Primrose tertegun. Jantungnya seolah berhenti berdetak mendengar ucapan pria di hadapannya itu.
Aiden menatap Primrose lekat. Semburat sedih yang sekilas mewarnai wajahnya sesaat lalu telah lenyap, menyisakan tatapan tajam dan ekspresi dingin yang membuat Primrose membeku.
“Daisy bukan anakku.”
“Apa maksudmu, Aiden?”
Primrose akhirnya menemukan suaranya yang sempat hilang.
“Kau tahu apa maksudku,” sahut Aiden dingin, seolah ia tidak baru saja melukainya dengan tega.
Primrose tahu selama ini Aiden tidak pernah peduli pada Daisy, tapi ia tidak menyangka bahwa pria itu benar-benar tidak menganggap Daisy sebagai anaknya. Darah dagingnya.
“Kau—”
Ucapan Primrose terhenti karena ponsel Aiden berdering. Pria itu segera mengangkatnya.
“Ya?” suara Aiden terdengar dingin dan jauh. “Aku akan segera datang,” lanjutnya.
Primrose merasa seluruh tubuhnya kebas. Hatinya pedih mendengar suara Celine di ujung telepon itu. Celine—wanita yang Aiden prioritaskan di atas segalanya, termasuk anak mereka yang baru saja meninggal.
Aiden menutup telepon dengan satu gerakan cepat. Ia mengalihkan pandangannya ke Primrose, kemudian berkata dengan tenang, “Aku harus pergi. Celine dan Kenzie sedang membutuhkanku.”
Kata-kata itu bagaikan cambuk yang menyayat hati Primrose. Sebuah kehancuran baru yang semakin parah. Sakitnya tak terkira, dan untuk pertama kalinya, Primrose merasa begitu kosong, seakan tak ada lagi yang tersisa dalam hidupnya selain kebencian yang mendalam terhadap suaminya.
“Aku... aku sudah berjuang begitu keras, Aiden. Aku… aku sangat menyayanginya. Aku berjuang demi Daisy, demi kita... Tapi kau? Kau hanya pergi ke sana, ke tempat wanita itu, seperti semua yang terjadi padaku tidak ada artinya!”
Aiden tetap diam, wajahnya datar, seakan tidak mendengarkan. Tangan Primrose mengepal erat, tubuhnya bergetar karena amarah dan rasa sakit yang menyatu.
“Kau benar-benar keterlaluan. Aku tidak tahu apa lagi yang harus kukatakan. Hati apa yang kau miliki hingga bisa sekejam ini?”

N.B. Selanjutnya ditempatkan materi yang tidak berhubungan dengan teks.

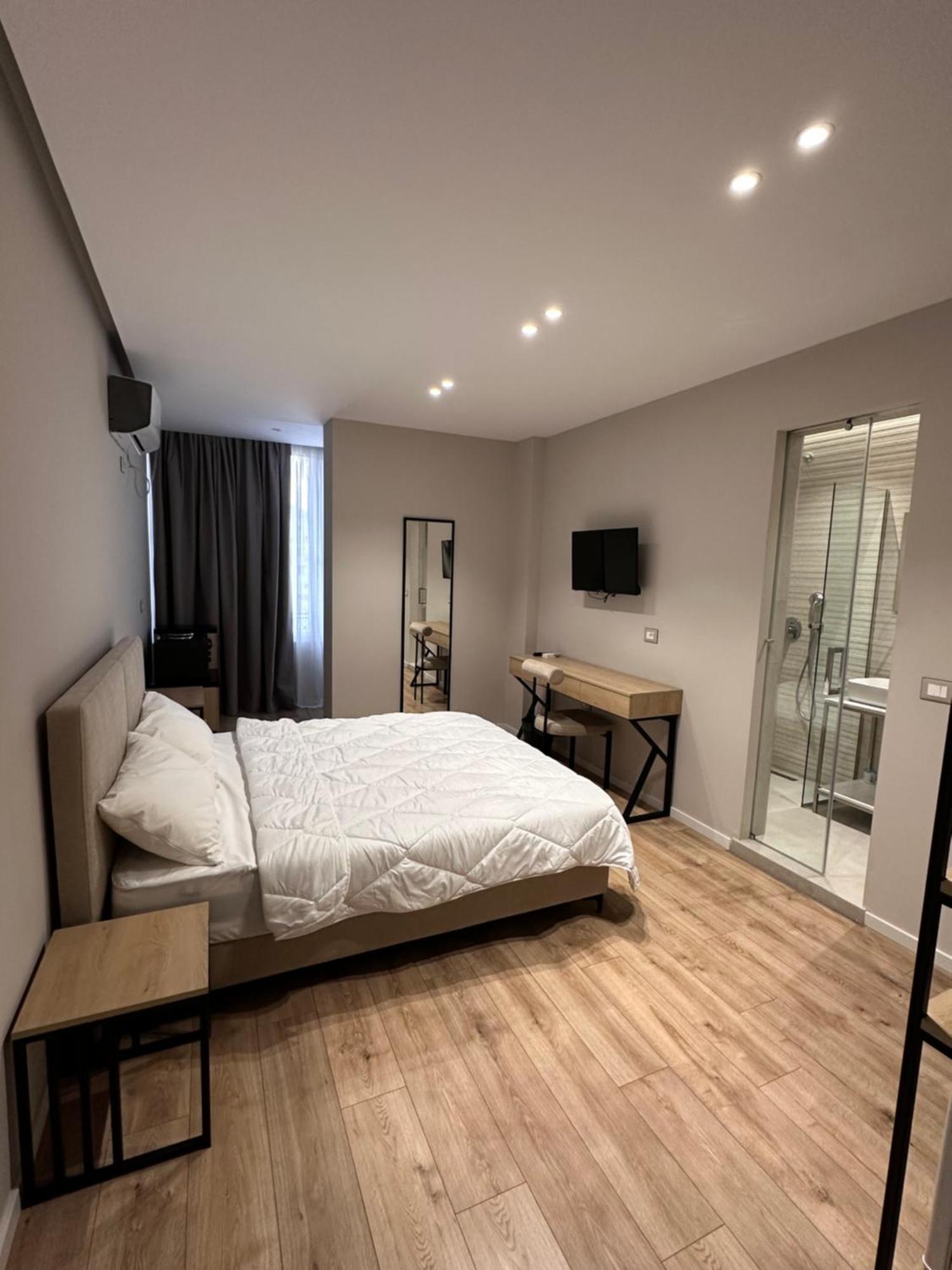 Amazon 8 Guesthouse Tirana Exteriér fotografie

Ekspresi Aiden tidak berubah. “Aku tidak pernah menginginkan pernikahan ini, Prims. Dan kau tahu itu,” katanya, suaranya tajam dan dingin. “Aku tidak pernah meminta untuk dijodohkan denganmu. Kau dan Kakek yang menjebak aku ke dalam pernikahan ini.”
Primrose terdiam, terlalu terkejut dan terluka mendengar kata-kata Aiden.
Aiden menatapnya lama sebelum berkata, “Kalau saja kau tidak datang, mungkin semuanya akan berbeda.”
Primrose merasa dunia seakan runtuh di depannya.
Ia selalu tahu bahwa Aiden tidak pernah mencintainya, tetapi mendengar kata-kata itu secara langsung membuat hatinya terasa seperti diremukkan.
“Jadi, semua yang terjadi ini salahku? Aku yang salah karena kau terpaksa menikahiku atas tuntutan kakekmu?”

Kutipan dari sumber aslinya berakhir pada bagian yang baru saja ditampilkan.